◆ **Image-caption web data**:
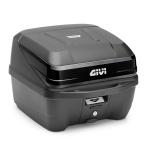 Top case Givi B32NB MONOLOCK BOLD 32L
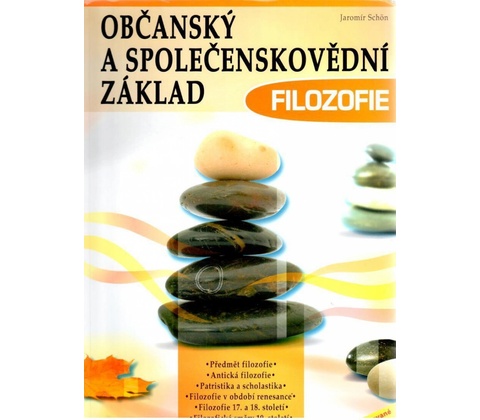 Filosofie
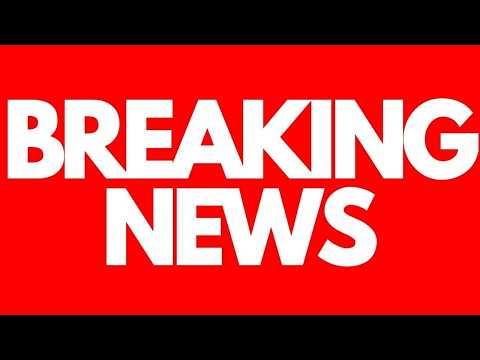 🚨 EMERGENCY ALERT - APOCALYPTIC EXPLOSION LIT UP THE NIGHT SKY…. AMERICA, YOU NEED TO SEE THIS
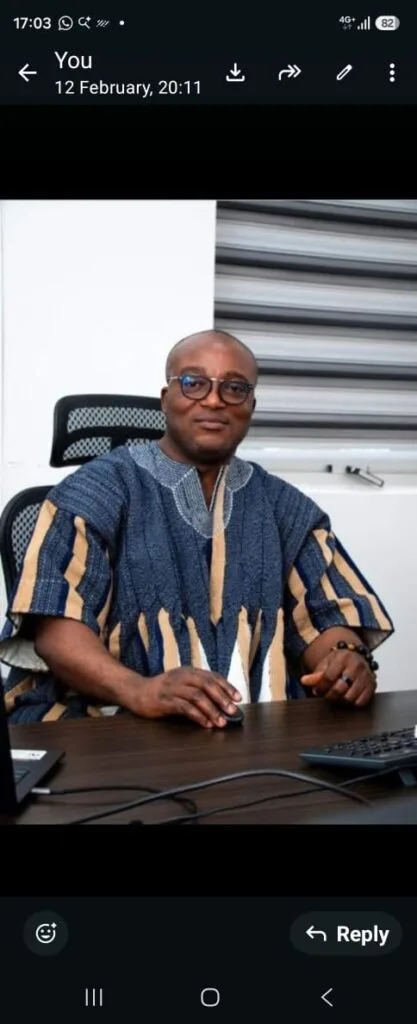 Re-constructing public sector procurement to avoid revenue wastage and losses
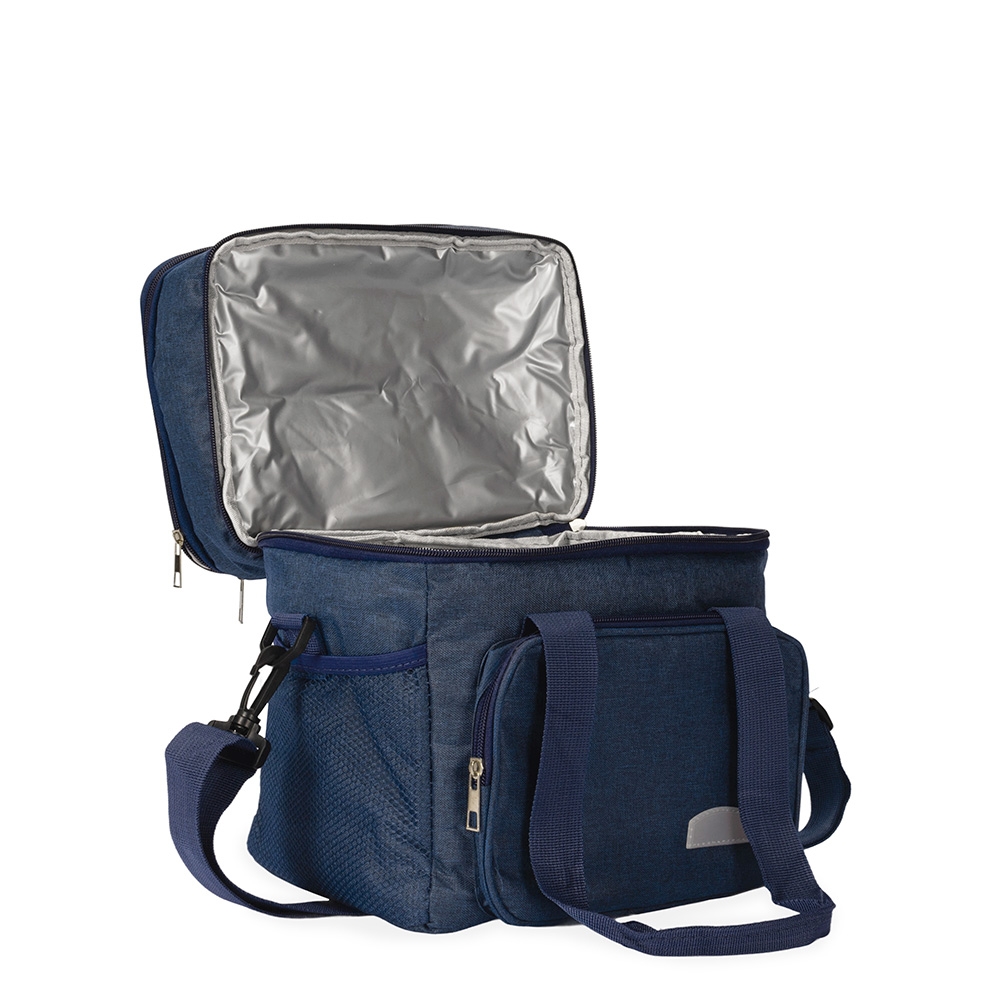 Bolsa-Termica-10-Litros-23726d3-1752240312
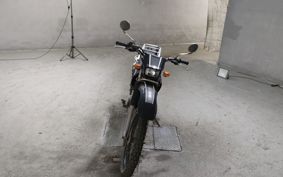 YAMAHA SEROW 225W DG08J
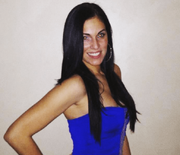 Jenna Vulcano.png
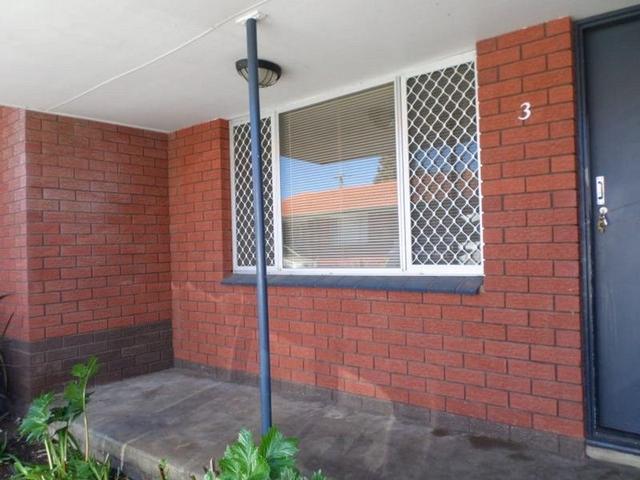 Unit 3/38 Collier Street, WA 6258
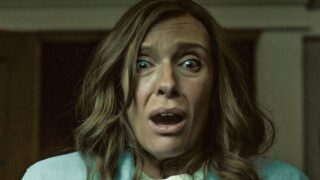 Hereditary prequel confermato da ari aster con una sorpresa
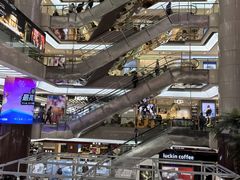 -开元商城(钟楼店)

◆ **To do**:
All pictures are to be skipped; the lines from the first line of the records through the line containing "Unit 3/38 Collier Street, WA 6258" are to be repeated exactly, both ends included.

◆ **Output below**:
 Top case Givi B32NB MONOLOCK BOLD 32L
 Filosofie
 🚨 EMERGENCY ALERT - APOCALYPTIC EXPLOSION LIT UP THE NIGHT SKY…. AMERICA, YOU NEED TO SEE THIS
 Re-constructing public sector procurement to avoid revenue wastage and losses
 Bolsa-Termica-10-Litros-23726d3-1752240312
 YAMAHA SEROW 225W DG08J
 Jenna Vulcano.png
 Unit 3/38 Collier Street, WA 6258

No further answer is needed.